Шрифт:
Вероника сжала кулаки. Раскин услышал хруст ломающейся пластмассы.
— Во-вторых, в жизненном пространстве наших условных цивилизаций должны действовать одни и те же физические законы. В-третьих, представители этих рас должны обладать телами сравнимых друг с другом размеров и одинаковой природы. Чрезвычайно сложно человеку, состоящему из органических молекул, не только наладить контакт с существом, плоть которого — поле и волны, но даже отличить его от элементов окружающей среды.
— А «в-четвертых» будет? — устало спросил Раскин. Похоже, Забвение, как и Всеобщность, навязывает ему свои правила. Что ж, придется играть. Скарлетт в ответ на его мысли широко улыбнулась.
— В-четвертых, — невозмутимо продолжил Элдридж, — они должны быть приблизительно равны в могуществе. Межзвездное путешествие — значит, необходимость в технических средствах и энергетических ресурсах, а не перемещение усилием мысли…
— Со скоростью мысли! — вставил Раскин.
— …и со скоростью мысли, — согласился Элдридж. — Исходя из сказанного, становится ясно, что человечество весьма ограничено в выборе союзников. И даже в некотором смысле слепо.
— Не переживай, — Раскин смог усмехнуться, — я привел тебе партнера сравнимых размеров, сопоставимого могущества и… чего еще там? А! Сходной природы!
— Всеобщность сообщала о себе искаженные факты, — сказала Скарлетт. Раскин заметил, что покойная валькирия смотрит мимо него — на разбитый шаттл, в кабине которого… Ушелец поспешно перекрестился.
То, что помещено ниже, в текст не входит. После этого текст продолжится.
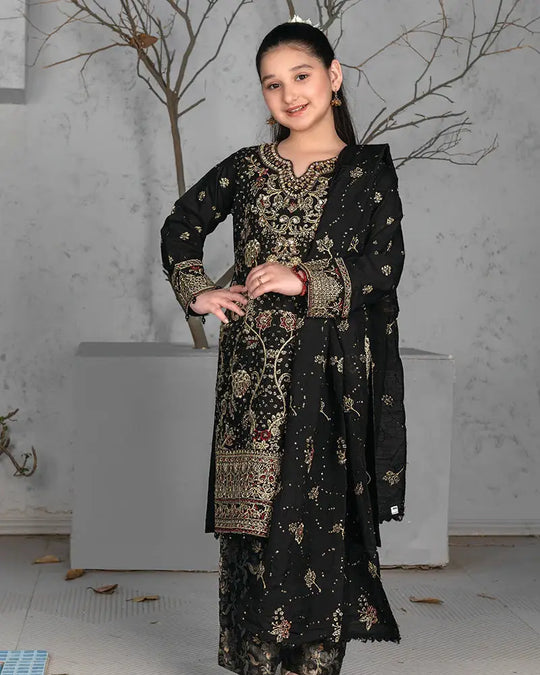 RANGREZA Kid Black girls dress featuring intricate embroidery with sequins, naqshi, and pearls. Includes a matching dupatta and jamawar trouser.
В руке внезапно появилось фантомное ощущение чужих пальцев, сжимающих запястье смертельной хваткой. — Подобно человеческой расе, которая в течение нескольких веков использовала радиотелескопы для поиска сигналов от внеземных цивилизаций, споры Обигура также были заинтересованы в познании Вселенной. Обладая иными чувствами и иными возможностями, они предприняли попытку исследовать чужие миры путем передачи через пространство своей информационной матрицы. Как все мы помним, Обигуровские споры, по сути, — мобильные колонии простейших. Одноклеточные чужих планет, по их расчетам, попав под воздействие излучения, несущего информационную матрицу, должны были принять их сущность, образовать схожие структуры и дать жизнь коллективному разуму идентичного принципа. Для передачи данных Обигуровские споры создали на своей планете три устройства, образовавшие первый Треугольник…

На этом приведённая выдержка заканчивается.